The event, designated S190814bv, was detected on August 14 by the LIGO twin-detector fine-tuning lasers in the United States and by the Virgo detector in Italy. The installations perceived ripples in the fabric of the universe and suggested, tentatively, that they resulted from a collision between a black hole and a small, dense star called a "neutron star" .

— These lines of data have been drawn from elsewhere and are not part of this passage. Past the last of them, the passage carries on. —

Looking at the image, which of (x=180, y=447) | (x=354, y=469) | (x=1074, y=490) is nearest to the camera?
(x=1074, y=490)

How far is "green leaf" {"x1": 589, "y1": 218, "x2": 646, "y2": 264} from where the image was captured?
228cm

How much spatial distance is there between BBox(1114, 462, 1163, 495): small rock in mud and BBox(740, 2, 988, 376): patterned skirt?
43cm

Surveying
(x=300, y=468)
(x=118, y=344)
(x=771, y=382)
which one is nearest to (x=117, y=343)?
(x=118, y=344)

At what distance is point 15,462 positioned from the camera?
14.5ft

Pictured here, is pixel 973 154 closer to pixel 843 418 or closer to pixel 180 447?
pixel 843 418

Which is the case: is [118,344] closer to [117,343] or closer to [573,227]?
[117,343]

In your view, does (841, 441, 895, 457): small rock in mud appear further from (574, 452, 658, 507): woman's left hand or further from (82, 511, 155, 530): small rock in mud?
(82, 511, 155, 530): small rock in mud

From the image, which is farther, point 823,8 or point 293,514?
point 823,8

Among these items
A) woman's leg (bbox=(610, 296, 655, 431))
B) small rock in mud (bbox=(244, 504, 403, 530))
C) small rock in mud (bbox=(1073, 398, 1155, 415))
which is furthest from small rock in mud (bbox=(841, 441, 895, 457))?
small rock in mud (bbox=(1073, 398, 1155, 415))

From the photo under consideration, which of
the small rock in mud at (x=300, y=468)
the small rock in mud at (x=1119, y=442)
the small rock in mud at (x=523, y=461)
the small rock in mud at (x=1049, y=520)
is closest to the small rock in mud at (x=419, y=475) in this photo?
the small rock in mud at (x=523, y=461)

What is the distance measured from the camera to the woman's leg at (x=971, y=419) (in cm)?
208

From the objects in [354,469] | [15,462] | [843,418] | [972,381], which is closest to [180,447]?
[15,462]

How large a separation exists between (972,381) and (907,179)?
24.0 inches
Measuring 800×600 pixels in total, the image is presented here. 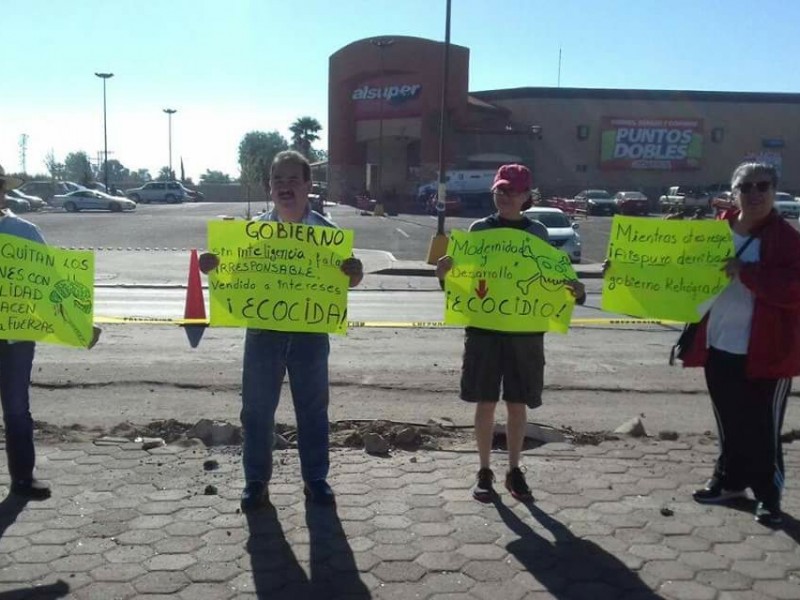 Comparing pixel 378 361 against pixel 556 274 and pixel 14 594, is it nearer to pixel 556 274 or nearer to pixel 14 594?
pixel 556 274

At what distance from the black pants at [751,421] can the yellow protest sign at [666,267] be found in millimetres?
326

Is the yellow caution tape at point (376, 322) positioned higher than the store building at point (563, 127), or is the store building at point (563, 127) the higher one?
the store building at point (563, 127)

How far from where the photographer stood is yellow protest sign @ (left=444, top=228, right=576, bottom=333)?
459cm

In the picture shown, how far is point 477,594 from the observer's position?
354 centimetres

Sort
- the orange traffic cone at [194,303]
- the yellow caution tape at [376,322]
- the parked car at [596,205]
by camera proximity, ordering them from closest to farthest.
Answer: the orange traffic cone at [194,303] → the yellow caution tape at [376,322] → the parked car at [596,205]

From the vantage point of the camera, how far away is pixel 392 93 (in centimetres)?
5984

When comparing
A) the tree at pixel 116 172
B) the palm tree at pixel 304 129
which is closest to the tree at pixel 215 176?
the tree at pixel 116 172

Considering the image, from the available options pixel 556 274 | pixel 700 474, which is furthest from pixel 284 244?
pixel 700 474

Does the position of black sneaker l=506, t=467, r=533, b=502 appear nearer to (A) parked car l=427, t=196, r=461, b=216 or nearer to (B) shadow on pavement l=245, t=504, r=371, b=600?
(B) shadow on pavement l=245, t=504, r=371, b=600

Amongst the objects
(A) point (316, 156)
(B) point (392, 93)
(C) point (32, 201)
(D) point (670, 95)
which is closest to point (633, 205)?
(D) point (670, 95)

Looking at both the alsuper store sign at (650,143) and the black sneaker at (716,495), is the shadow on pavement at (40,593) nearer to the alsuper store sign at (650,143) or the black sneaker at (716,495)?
the black sneaker at (716,495)

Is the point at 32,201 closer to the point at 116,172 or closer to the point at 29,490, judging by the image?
the point at 29,490

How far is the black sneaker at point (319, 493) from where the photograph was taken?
4445 millimetres

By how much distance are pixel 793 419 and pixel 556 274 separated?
3.38 metres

The facilities have already been impacted by black hole-neutron collisions, but none have been adequately verified. Since their return in April, only three candidates for this insane type of cosmic collision have been presented with more or less confidence. Indeed, the detectors are so well adjusted that they sometimes signal the noise as a real event.
For S190814bv, the probability that the newly detected signal is simply noise is 1 in 10 septillions of years.
This would even dissuade Han Solo from thinking that S190814bv is anything but a black star-hole neutron fusion, but the researchers still recommend caution. It could be, they say, two black holes that merge.
This suggests an exciting possibility that one of the black holes is lighter than any black hole ever seen before. We can not lose!
If the event is confirmed as a fusion of neutron stars and black holes, it would complete the tripta of cosmic detections of LIGO and Virgo. The facilities saw black holes merge with black holes and neutron stars fuse with neutron starsbut they have never seen both fade.
The next step is to focus the telescopes on the small part of the sky from which S190814bv originated. It is relatively close, by cosmic standards, only 900 million light-years away. Gravitational waves propagate faster than other electromagnetic waves, allowing astronomers to attempt to detect other signals emitted by the event. What will we see?
"We will see a neutron star being torn by a black hole or swallowed whole, as if Pac-Man was swallowing a ghost," said Simon Stevenson, astronomer at Swinburne University of Technology in Australia. "In any case, let's do a show!"